Página:Jornal das Famílias 1878 n11.djvu/22

Wikisource, a biblioteca livre

Leu-a, mas não escreveu logo a resposta. Era um de seus artifícios; nem escreveu a resposta, nem chegou à janela, nos dois dias posteriores.

Anacleto foi às nuvens quando, no dia seguinte, ao passar-lhe pela porta não viu a deusa da Gamboa, como os rapazes lhe chamavam. Era a primeira que lhe resistia ao estilo e ao almíscar. Repetiu-se-lhe o caso no outro dia, e ele sentiu alguma coisa semelhante ao amor-próprio ofendido.

— Ora dá-se! dizia ele consigo mesmo. Uma lambisgóia que... Daí, pode ser que esteja doente. É isso; está doente... Se pudesse saber alguma coisa! Mas como?

Não indagou nada e esperou mais vinte e quatro horas; resolução acertada, porque, vinte e quatro horas depois, tinha ele a fortuna de ver a deusa, logo que apontou ao longe.

— Lá está ela.

Carlota tinha-o visto e olhava para o mar. Anacleto aproximou-se; ela fitou-o; trocaram uma chispa. Justamente ao passar pela rótula, Anacleto sussurrou com voz trêmula e puxada do coração:

— Ingrata!

Ao que ela retorquiu:

— Às ave-marias.

Não havia já para o sobrinho de Bento Fagundes comoções novas. O dito de Carlota não lhe fez ferver o sangue. Sentiu-se porém lisonjeado. A praça estava rendida.

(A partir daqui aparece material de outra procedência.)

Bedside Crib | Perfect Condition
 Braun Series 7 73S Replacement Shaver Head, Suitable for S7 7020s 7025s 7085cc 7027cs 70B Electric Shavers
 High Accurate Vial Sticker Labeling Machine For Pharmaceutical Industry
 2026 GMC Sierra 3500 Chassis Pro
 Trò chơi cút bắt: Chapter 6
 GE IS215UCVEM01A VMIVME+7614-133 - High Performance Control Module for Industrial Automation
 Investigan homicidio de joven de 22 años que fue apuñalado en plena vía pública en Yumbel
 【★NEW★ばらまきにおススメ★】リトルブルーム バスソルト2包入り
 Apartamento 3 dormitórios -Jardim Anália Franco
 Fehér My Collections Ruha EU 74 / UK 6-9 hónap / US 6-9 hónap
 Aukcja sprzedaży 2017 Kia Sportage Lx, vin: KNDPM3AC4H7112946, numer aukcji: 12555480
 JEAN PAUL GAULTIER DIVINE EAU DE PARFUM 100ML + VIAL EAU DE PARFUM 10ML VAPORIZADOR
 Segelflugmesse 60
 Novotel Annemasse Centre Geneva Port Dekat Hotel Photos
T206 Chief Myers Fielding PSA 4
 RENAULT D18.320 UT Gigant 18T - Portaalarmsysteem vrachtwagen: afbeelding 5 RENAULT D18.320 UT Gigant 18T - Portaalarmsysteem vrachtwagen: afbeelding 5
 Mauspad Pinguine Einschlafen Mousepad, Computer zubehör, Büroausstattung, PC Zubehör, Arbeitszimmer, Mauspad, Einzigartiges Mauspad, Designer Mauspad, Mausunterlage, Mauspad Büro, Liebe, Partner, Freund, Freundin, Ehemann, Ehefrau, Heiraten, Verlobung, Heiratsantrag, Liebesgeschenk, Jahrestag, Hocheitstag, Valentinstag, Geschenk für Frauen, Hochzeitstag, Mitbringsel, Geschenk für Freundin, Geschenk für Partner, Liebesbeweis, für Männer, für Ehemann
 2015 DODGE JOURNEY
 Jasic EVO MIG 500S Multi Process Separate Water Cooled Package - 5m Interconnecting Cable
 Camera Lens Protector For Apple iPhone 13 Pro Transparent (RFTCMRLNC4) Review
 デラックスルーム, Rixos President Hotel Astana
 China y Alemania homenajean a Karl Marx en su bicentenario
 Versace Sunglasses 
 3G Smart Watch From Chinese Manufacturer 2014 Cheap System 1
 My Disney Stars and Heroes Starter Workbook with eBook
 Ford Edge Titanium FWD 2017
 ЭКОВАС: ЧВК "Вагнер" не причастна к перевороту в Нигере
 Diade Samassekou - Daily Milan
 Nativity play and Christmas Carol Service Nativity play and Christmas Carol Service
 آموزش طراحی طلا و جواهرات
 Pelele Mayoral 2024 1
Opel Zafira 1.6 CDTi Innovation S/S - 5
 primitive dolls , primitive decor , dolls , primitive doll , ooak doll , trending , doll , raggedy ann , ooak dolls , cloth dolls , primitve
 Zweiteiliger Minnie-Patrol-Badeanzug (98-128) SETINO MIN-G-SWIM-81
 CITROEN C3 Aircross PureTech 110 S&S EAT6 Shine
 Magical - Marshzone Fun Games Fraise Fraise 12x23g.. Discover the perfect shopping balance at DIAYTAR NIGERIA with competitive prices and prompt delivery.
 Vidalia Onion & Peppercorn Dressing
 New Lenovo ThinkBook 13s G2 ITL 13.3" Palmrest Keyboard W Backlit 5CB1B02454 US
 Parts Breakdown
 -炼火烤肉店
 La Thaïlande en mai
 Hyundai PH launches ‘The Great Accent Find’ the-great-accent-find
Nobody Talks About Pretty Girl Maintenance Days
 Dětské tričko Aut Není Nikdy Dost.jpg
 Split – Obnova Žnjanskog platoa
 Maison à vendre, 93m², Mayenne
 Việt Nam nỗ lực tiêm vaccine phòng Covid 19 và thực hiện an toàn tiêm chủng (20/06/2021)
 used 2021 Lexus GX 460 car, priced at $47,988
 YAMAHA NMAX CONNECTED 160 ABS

Logo depois das ave-marias voltou o petimetre, encostadinho à parede, a passo curto e demorado. Carlota deixou cair um papel, ele deixou cair o lenço e abaixou-se para apanhar o lenço e o papel. Quando ergueu a cabeça a moça tinha desaparecido.

A carta era também um chavão. Carlota dizia sentir igual sentimento ao de Anacleto Monteiro, mas pedia-lhe que, se não fosse intenção dele amá-la deveras, melhor era deixá-la entregue à solidão e às lágrimas. Estas lágrimas, as mais hipotéticas do mundo, engoliu-as o sobrinho do boticário, porque era a primeira vez que lhe falavam delas logo na primeira epístola. Concluiu que o coração da pequena devia arder como um Vesúvio.

A isto seguiu-se uma orgia de cartas e passeios, de lencinho na boca, e de paradas à porta. Antes de parar à porta, Anacleto Monteiro aventurou um aperto de mão, coisa fácil, porque ela não a tinha pendurado para outra coisa.